### Dataset content

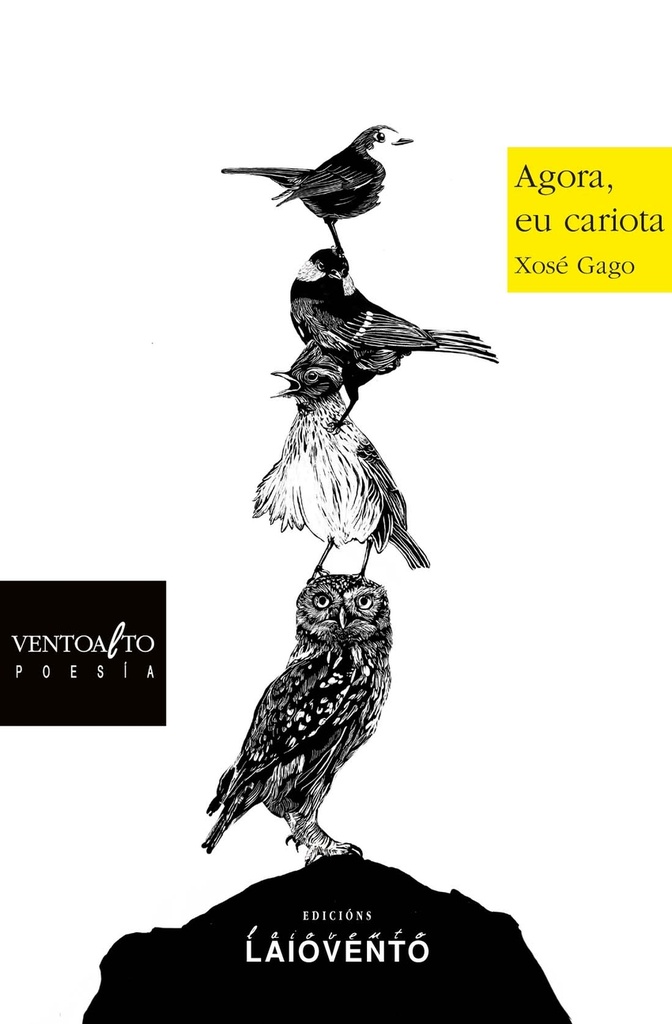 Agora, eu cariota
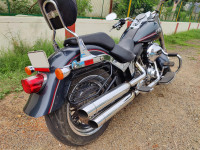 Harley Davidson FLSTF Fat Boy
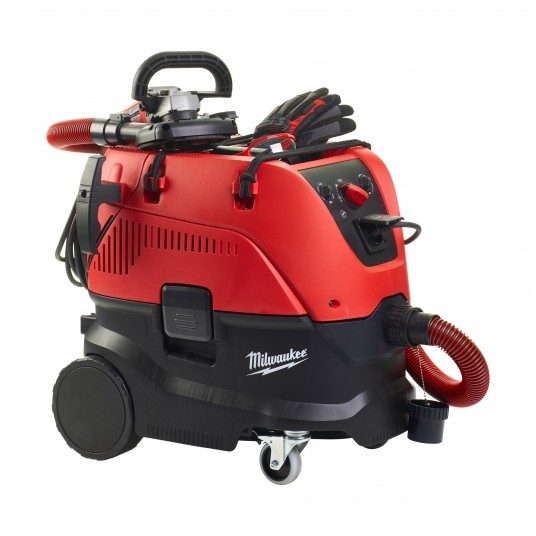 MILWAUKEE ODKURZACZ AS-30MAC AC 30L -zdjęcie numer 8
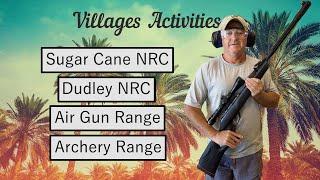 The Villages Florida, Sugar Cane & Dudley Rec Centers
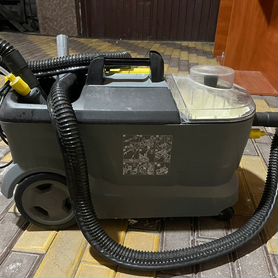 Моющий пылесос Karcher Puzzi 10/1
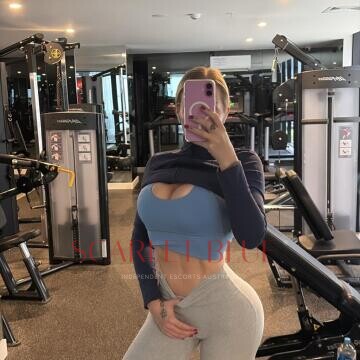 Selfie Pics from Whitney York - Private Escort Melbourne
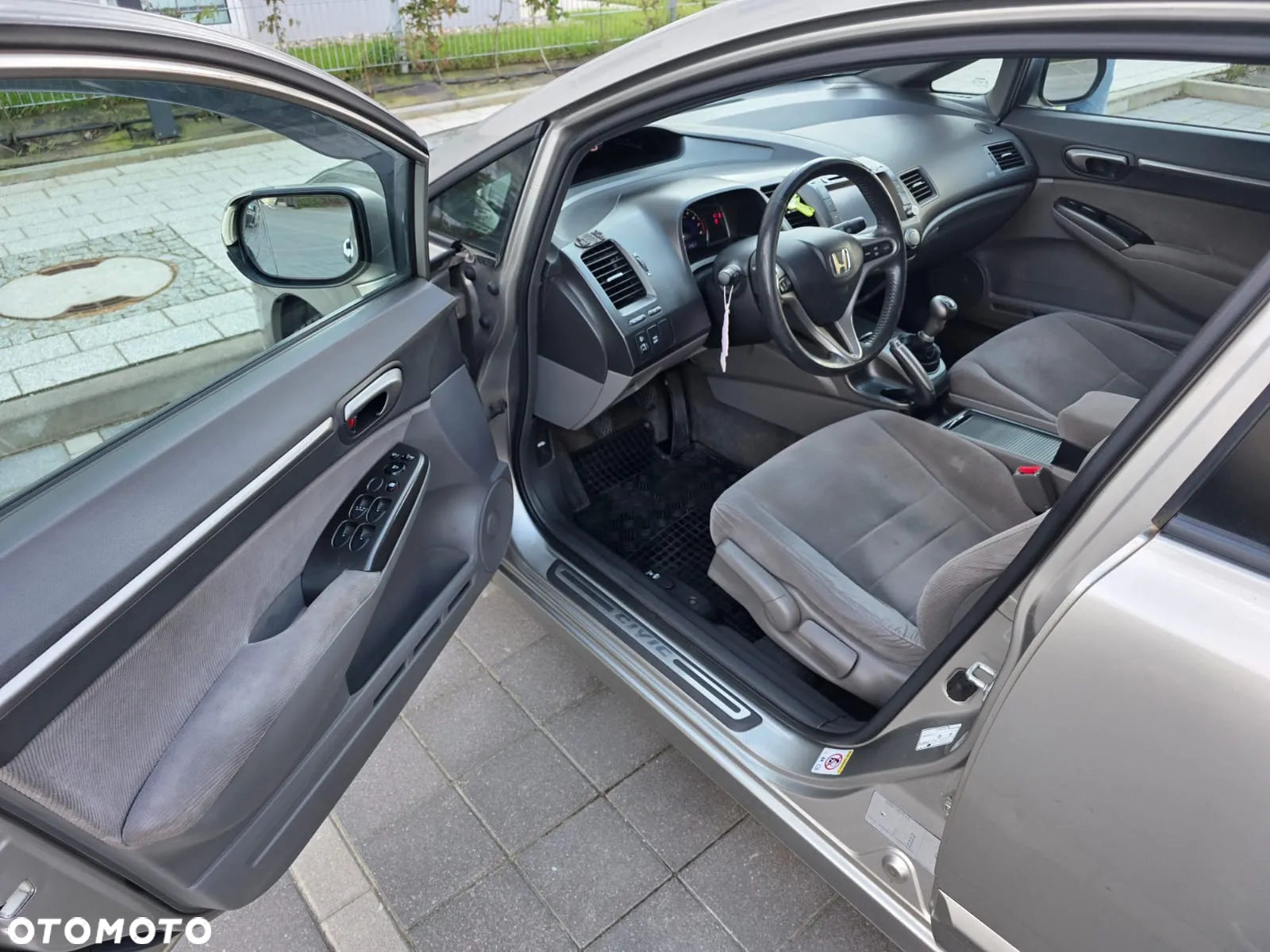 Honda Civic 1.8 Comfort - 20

### What is expected
Only the lines from the one containing "The Villages Florida, Sugar" through the final line of the material should appear in the answer, copied exactly and without any picture.

### Finished task
 The Villages Florida, Sugar Cane & Dudley Rec Centers
 Моющий пылесос Karcher Puzzi 10/1
 Selfie Pics from Whitney York - Private Escort Melbourne
 Honda Civic 1.8 Comfort - 20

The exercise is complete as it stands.